Plus de deux mille personnes ont été arrêtées immédiatement après la tentative d'insurrection. Si certaines ont depuis été libérées, quelque 1.400 autres sont toujours détenues et font face à plusieurs chefs d'accusation pour "actes antidémocratiques".
"Ces gens ne voulaient pas s'en prendre (au président) Lula", assure un homme d'une cinquantaine d'années attendant, comme une poignée d'autres personnes devant l'entrée de la prison, d'avoir des nouvelles de leur proche.
Se présentant comme "Papi", l'homme ne souhaite pas donner son nom ni préciser son lien de parenté avec la femme dont il espère des nouvelles.
"Ce qui unit ces gens, c'est l'indignation parce que l'élection ne semblait pas transparente, elle ne l'était pas, vous comprenez ? Il y avait beaucoup de doutes", explique-t-il.
L'émeute a eu lieu une semaine exactement après l'investiture du président de gauche Luiz Inacio Lula da Silva, qui a battu de justesse Bolsonaro lors de la présidentielle d'octobre.
Des infrastructures, des œuvres d'art inestimables et du mobilier ancien faisant partie du patrimoine national ont été détruits par les émeutiers, qui ont laissé derrière eux des graffitis appelant à un coup d'Etat militaire.
"Papi" raconte comment sa proche est arrivée en autocar dans la capitale le 8 janvier en provenance du nord-est du pays.
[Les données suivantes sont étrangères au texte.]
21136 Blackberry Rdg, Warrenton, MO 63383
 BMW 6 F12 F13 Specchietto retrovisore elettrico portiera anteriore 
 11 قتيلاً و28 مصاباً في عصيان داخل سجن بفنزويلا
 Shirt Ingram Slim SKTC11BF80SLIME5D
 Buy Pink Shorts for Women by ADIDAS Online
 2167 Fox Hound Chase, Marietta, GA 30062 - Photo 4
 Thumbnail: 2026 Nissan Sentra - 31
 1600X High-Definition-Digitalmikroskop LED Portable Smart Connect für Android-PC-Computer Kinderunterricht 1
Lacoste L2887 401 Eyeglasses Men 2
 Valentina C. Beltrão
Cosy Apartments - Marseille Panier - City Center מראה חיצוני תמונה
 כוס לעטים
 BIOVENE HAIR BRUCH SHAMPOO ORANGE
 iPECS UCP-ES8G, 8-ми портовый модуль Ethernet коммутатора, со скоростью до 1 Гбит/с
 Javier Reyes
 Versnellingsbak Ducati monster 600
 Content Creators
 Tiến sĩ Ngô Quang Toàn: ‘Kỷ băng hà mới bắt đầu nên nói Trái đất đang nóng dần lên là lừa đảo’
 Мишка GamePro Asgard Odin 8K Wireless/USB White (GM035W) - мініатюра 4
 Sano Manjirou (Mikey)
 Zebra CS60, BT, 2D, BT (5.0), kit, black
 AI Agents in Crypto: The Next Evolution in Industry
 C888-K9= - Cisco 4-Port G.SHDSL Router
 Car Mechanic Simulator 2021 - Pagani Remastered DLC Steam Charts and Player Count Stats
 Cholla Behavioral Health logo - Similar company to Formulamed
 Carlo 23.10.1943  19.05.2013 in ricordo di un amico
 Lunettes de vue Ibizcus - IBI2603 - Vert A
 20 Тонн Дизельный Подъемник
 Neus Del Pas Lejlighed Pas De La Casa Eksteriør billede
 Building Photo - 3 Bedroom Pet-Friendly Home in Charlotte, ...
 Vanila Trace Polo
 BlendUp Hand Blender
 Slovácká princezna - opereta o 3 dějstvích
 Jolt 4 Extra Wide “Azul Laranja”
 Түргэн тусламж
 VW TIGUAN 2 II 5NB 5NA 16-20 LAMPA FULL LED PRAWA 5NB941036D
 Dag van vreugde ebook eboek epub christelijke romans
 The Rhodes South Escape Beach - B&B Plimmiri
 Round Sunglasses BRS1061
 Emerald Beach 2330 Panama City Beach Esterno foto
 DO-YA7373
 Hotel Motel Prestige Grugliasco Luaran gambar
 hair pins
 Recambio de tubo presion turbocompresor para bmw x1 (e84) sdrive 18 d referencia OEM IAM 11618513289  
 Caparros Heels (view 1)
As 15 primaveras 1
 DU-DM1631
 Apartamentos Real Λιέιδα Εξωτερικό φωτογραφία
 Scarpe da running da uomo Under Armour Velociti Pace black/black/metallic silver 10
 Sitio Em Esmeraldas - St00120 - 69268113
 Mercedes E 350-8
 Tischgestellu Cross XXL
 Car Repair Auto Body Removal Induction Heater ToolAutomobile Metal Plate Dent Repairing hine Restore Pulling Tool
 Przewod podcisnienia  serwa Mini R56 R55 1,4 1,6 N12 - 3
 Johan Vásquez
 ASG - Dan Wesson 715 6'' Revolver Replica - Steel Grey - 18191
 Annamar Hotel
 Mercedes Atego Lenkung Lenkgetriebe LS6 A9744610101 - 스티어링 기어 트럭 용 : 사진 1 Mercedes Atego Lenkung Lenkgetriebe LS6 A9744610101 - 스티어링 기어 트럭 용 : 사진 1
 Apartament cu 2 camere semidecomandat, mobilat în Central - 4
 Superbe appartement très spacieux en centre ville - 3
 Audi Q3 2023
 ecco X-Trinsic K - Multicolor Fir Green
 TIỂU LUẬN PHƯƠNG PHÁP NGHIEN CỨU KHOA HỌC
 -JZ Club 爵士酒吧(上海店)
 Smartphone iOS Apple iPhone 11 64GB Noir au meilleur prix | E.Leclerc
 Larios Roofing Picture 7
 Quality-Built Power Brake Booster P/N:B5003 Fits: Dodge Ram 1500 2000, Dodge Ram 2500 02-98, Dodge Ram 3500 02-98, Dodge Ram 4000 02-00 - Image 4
Elle voulait, selon lui, exprimer son "indignation" après l'élection dont les bolsonaristes radicaux remettent en cause la validité.
Elle a participé "pacifiquement" à la manifestation sur l'Esplanade des ministères, poursuit-il, puis elle s'est rendue au campement des bolsonaristes installé devant le quartier-général de l'Armée de terre, afin de se "mettre à l'abri" des affrontements avec la police. C'est là qu'elle a été arrêtée.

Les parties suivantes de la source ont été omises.